__ASSIGNED TASK__: Nothing outside the range below should be printed. Output exactly the lines from the line with "Москва и МО" to the line with "mao 2023 ha", both included.

# # # # #

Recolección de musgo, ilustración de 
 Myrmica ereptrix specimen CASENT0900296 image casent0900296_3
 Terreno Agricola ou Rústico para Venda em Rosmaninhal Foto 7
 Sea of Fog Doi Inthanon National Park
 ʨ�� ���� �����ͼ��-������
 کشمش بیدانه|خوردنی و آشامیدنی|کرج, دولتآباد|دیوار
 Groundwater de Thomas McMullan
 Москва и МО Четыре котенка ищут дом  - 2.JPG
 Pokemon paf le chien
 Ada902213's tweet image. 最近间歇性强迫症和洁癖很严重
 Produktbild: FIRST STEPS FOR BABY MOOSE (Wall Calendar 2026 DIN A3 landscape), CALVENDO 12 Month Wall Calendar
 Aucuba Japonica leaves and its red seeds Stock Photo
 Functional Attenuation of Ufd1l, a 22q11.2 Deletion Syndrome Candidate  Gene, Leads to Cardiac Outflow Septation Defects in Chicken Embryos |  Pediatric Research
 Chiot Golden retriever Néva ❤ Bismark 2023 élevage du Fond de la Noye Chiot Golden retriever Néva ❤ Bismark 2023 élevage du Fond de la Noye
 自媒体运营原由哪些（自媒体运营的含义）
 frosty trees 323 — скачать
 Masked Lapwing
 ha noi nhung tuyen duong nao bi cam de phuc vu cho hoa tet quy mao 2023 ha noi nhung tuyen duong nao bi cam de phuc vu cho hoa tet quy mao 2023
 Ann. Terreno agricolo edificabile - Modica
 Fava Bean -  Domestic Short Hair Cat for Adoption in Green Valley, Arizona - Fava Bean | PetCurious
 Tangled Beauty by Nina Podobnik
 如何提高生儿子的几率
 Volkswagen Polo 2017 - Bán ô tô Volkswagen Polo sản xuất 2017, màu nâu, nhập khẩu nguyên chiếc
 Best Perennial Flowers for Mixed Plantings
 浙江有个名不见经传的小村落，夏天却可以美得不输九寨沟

# # # # #

__EXERCISE RESPONSE__:
 Москва и МО Четыре котенка ищут дом  - 2.JPG
 Pokemon paf le chien
 Ada902213's tweet image. 最近间歇性强迫症和洁癖很严重
 Produktbild: FIRST STEPS FOR BABY MOOSE (Wall Calendar 2026 DIN A3 landscape), CALVENDO 12 Month Wall Calendar
 Aucuba Japonica leaves and its red seeds Stock Photo
 Functional Attenuation of Ufd1l, a 22q11.2 Deletion Syndrome Candidate  Gene, Leads to Cardiac Outflow Septation Defects in Chicken Embryos |  Pediatric Research
 Chiot Golden retriever Néva ❤ Bismark 2023 élevage du Fond de la Noye Chiot Golden retriever Néva ❤ Bismark 2023 élevage du Fond de la Noye
 自媒体运营原由哪些（自媒体运营的含义）
 frosty trees 323 — скачать
 Masked Lapwing
 ha noi nhung tuyen duong nao bi cam de phuc vu cho hoa tet quy mao 2023 ha noi nhung tuyen duong nao bi cam de phuc vu cho hoa tet quy mao 2023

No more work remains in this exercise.